Senyawa atau zat pengatur tumbuh harus dapat mempercepat atau memperlambat
reaksi respirasi. Jenis luka juga dapat mempengaruhi laju respirasi pada komoditas
tersebut (Santoso dan Purwoko, 1993).

2.2. Klimaterik
Berdasarkan pola respirasinya, buah-buahan dapat digolongkan menjadi
dua, buah klimaterik dan buah nonklimaterik (Rukmana, Tanpa Tahun). Buah
klimaterik merupakan buah yang dapat matang sempurna meskipun dipanen pada
saat buah tersebut belum cukup tingkat ketuaannya. Buah klimaterik ditandai
dengan adanya produksi CO
2
yang meningkat secara tajam pada akhir proses
pematangan buah.
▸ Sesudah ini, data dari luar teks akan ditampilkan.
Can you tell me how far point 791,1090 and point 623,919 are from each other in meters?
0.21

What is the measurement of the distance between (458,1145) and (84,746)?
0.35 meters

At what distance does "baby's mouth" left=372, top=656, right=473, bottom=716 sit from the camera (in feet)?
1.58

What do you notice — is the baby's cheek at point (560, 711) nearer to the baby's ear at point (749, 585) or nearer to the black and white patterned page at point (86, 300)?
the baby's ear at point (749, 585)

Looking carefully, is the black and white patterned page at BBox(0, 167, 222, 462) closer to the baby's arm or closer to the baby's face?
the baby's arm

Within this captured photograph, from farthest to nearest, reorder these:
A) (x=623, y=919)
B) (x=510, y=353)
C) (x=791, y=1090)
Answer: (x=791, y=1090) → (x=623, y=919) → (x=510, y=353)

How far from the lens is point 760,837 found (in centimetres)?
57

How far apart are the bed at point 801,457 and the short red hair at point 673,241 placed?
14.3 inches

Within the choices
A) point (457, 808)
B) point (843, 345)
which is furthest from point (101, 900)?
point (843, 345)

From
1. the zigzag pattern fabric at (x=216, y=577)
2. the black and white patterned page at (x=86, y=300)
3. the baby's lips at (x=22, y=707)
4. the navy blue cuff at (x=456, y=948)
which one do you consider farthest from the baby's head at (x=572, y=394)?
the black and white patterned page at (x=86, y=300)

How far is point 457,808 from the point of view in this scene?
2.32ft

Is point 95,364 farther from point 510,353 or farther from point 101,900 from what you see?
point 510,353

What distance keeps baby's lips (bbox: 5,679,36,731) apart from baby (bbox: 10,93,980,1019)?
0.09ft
Buah yang termasuk ke dalam buah klimaterik adalah apel,
jambu, kesemek, mangga, melon, pepaya, sawo, tomat, sirsak, dan semangka.
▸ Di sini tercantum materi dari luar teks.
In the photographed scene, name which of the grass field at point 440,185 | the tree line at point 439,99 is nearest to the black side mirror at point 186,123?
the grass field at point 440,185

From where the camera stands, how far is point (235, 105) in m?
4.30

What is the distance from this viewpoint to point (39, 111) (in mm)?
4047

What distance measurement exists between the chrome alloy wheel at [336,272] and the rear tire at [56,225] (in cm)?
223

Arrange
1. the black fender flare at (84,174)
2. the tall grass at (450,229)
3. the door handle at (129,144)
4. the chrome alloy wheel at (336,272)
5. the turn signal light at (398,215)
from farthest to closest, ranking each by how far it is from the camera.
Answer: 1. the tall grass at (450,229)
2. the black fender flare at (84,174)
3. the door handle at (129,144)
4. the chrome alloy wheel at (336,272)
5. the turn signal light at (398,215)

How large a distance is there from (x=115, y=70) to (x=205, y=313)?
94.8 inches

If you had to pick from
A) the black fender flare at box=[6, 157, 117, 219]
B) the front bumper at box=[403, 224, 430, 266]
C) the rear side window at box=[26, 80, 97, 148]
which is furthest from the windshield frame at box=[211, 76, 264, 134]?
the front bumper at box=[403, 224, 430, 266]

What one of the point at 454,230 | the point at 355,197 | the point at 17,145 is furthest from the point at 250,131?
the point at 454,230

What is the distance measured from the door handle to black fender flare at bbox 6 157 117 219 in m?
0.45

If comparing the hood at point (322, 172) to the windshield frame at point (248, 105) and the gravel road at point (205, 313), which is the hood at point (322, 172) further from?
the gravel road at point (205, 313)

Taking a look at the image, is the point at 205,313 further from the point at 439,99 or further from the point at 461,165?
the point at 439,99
Buah nonklimaterik merupakan buah yang tidak dapat matang secara optimal
meskipun sudah dilakukan proses pemeramam, ditandai dengan lonjakan produksi
CO
2
yang rendah dan relatif semakin menurun. Buah nonklimaterik antara lain
adalah anggur, nanas, rambutan, jeruk, leci dan stroberi (Soesanto, 2006).

2.3 Cara Penyimpanan
Produk sayur dan buah merupakan bahan pangan yang sangat mudah
rusak. Kerusakan fisik, mekanis, dan mikrobiolosis merupakan kerusakan yang
dialami oleh bahan pangan tersebut. Faktor penyimpanan dapat menjadi salah satu
faktor yang berfungsi untuk memperpanjang umur simpan dari produk buah dan
sayur tersebut. Cara penyimpan dengan suhu rendah dapat memperpanjang umur
simpan dari produk buah dan sayur tersebut. Pada proses pendinginan, aktivitas
mikroba akan dapat diperlambat sehingga umur simpan produk menjadi lebih
lama. Proses pendinginan, proses respirasi juga berjalan lebih lambat dan aktivitas
atau reaksi enzimatis akan dapat dicegah ketika produk buah dan sayur disimpan
pada suhu dingin.
Penyimpanan dingin juga memiliki beberapa kendala kepada produk buah
dan sayur yang disimpan. Produk pangan yang disimpan terlalu lama akan
menyebabkan produk kehilangan air sayuran menjadi layu dan kering karena air
dalam jaringan mengalami penguapan dan terjadi proses transpirasi. Proses
metabolisme pada sayur dan buah yang disimpan pada suhu dingin akan berjalan
secara tidak normal sehingga akan terjadi adanya cacat, bercak kecoklatan,
penyimpanangan warna pada bagian dalam, ataupun kematangan yang tidak
sempurna pada produk yang disimpan pada suhu dingin tersebut. Saat sayur dan
buah dikeluarkan dari ruang dingin, produk sayur dan buah tersebut akan
mengalami proses kondensasi, air kondensasi harus dikurangi karena dapat
menyebabkan kebusukan pada produk. Produk yang dikeluarkan dari ruang
penyimpanan tidak boleh mengalami terlalu banyak keringat untuk mencegah
kebusukan tersebut (Soesanto, 2006).

2.4 Faktor Faktor yang Perlu Diperhatikan dalam Penyimpanan
Produksi yang berlebih dalam bidang pertanian adalah masalah yang
cukup mengerikan bagi para petani dan pebisnis di bidang pertanian atau
agrobisnis. Hal ini sangat masuk akal karena hasil dari pertanian adalah hasil yang
tidak dapat tahan lama dan sangat cepat mengalami kerusakan, termasuk sayuran
dan buah buahan seperti tomat. Ketika sayur sayuran dan buah buahan
disimpan terlalu lama, maka besar kemungkinan akan terjadi kerusakan sehingga
mutu dari hasil pertanian tersebut akan menurun. Mutu yang menurun akan
membuat jatuhnya harga sehingga kerugian dapat terjadi. Oleh sebab itu, dengan
adanya kemajuan teknologi, bidang pascapanen menjadi lebih diperhatikan dan
saat ini mampu mengatasi beberapa masalah yang diperhatikan pada saat
penyimpanan (Cahyono, 2008).
Cahyono (2008) melanjutkan bahwa teknik penyimpanan yang dilakukan
untuk mempertahankan mutu dan kesegaran dari buah tomat dalam jangka waktu
lama pada prinsipnya adalah meminimalisir adanya respirasi. Respirasi yang
dimaksud adalah pernapasan yang dilakukan oleh buah klimaterik.